High proportion (76%) of cases was jobless in the present study. This finding was consistent with the previous studies reported from Iran and Pakistan in which most of victims were housewives [29,30].

In this study (62.7%) of SIB victims were living under low SES standard and significantly associated with SIB. This finding with in agreement with the study reported from India which reported 68.8% of SIB victims were living in low SES [33]. Similarly, study reported from Basra, Iraq shown that 46.8% of SIB victims were living under poor SES [13]. Moreover, a study reported from Iran found that 70% of women that attempted SIB had low SES [34]. Having family history of SIB was significantly associated with SIB in this study. Our finding was comparable with previous studies reported from different parts of Iran in which SIB victims had a family history of SIB [35,36]. In this study the chance of SIB was 5 times among those who live in temporary accommodation compare to others who not live in the same situation.
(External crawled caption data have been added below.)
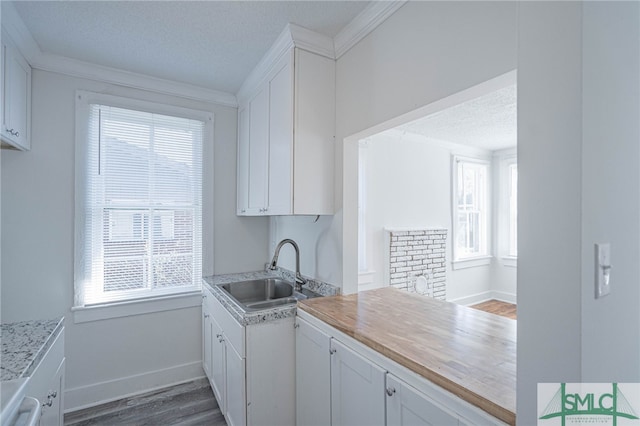 kitchen featuring dark wood-type flooring, light countertops, a textured ceiling, white cabinetry, and a sink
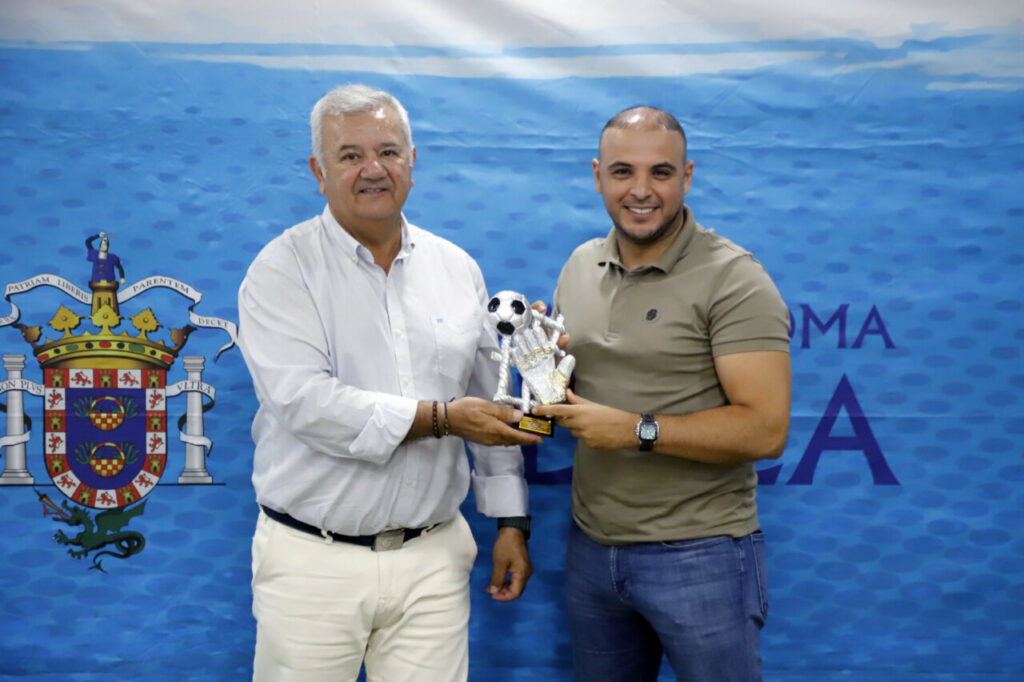 Two men present a soccer trophy in front of a blue backdrop with a coat of arms in the background, handshaking as they hold the award.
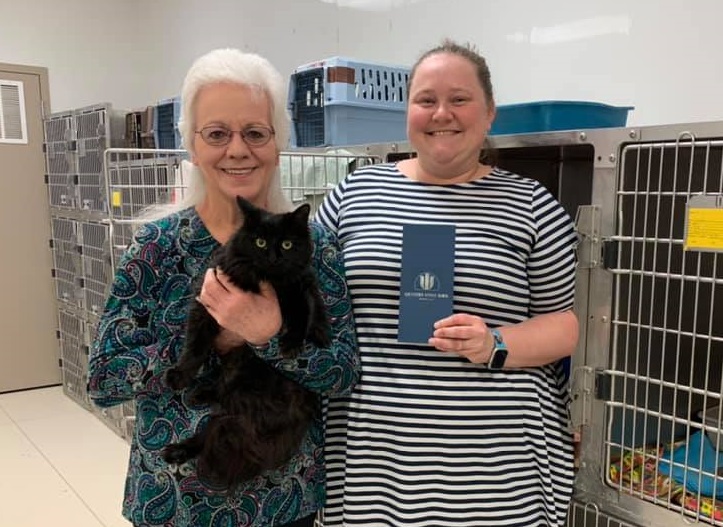 Garden City employee presents a check to FCHS employee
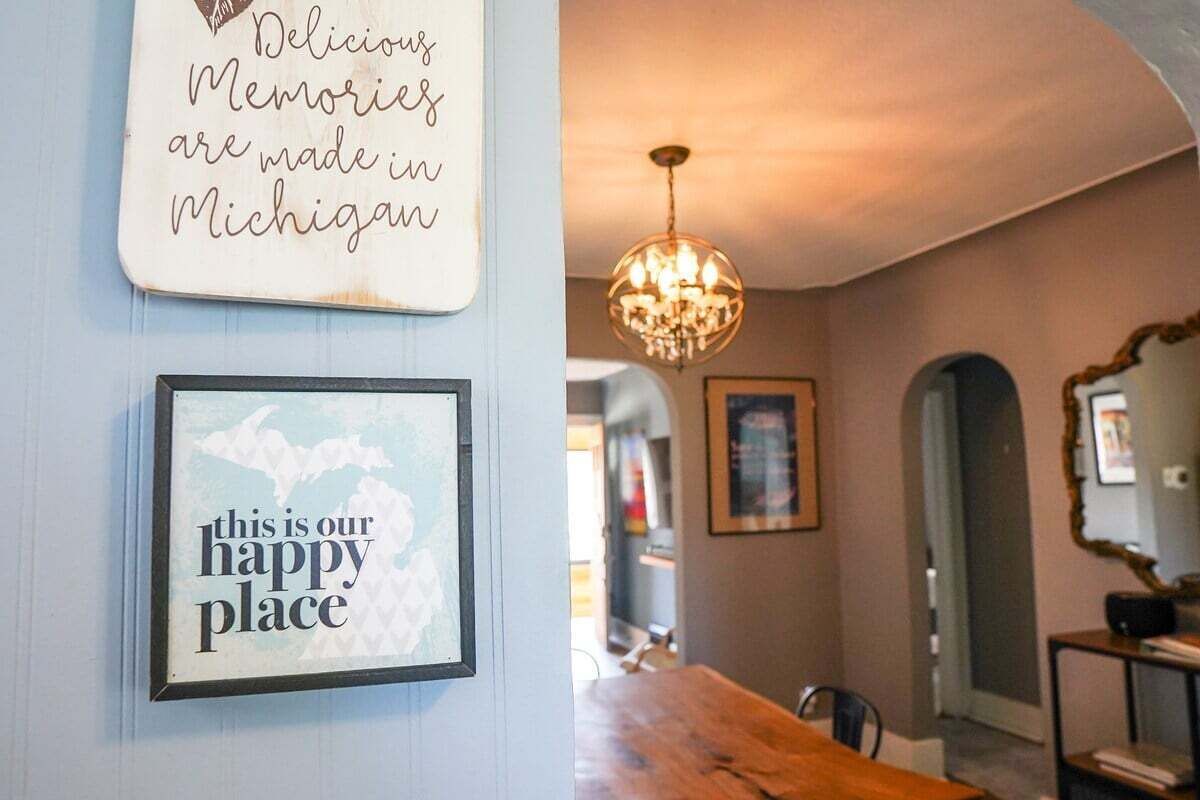 A dining area with a wooden table and chairs, a chandelier, and two framed signs on the wall.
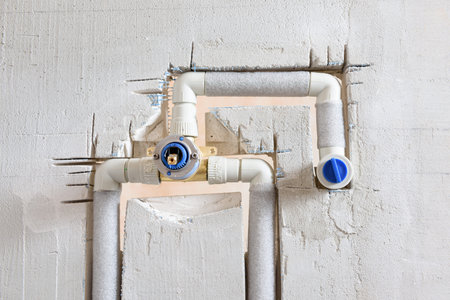 The concealed faucet with connected pipes is mounted in the wall.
This finding was similar with the previous study reported from French in which 39.5% of women that living in temporary place with another family or friends commit SIB [37]. In addition, in this study the odds of SIB was 1.5 times high in women those who subjected to psychological violence compared to other groups that not subjected. A study reported from India indicated similar result in which SIB victims were subjected to domestic violence most of time by partners and other family members [7]. In our study the odds of SIB were 2.3 times in women those who subjected to physical violence compared to those who not subjected. A study reported from Pakistan shown that more than half of women who that suffered from marital conflict commit SIB [29]. Moreover, a study reported from Iran notified that the marital conflict was a major motivating factor to conduct SIB [38].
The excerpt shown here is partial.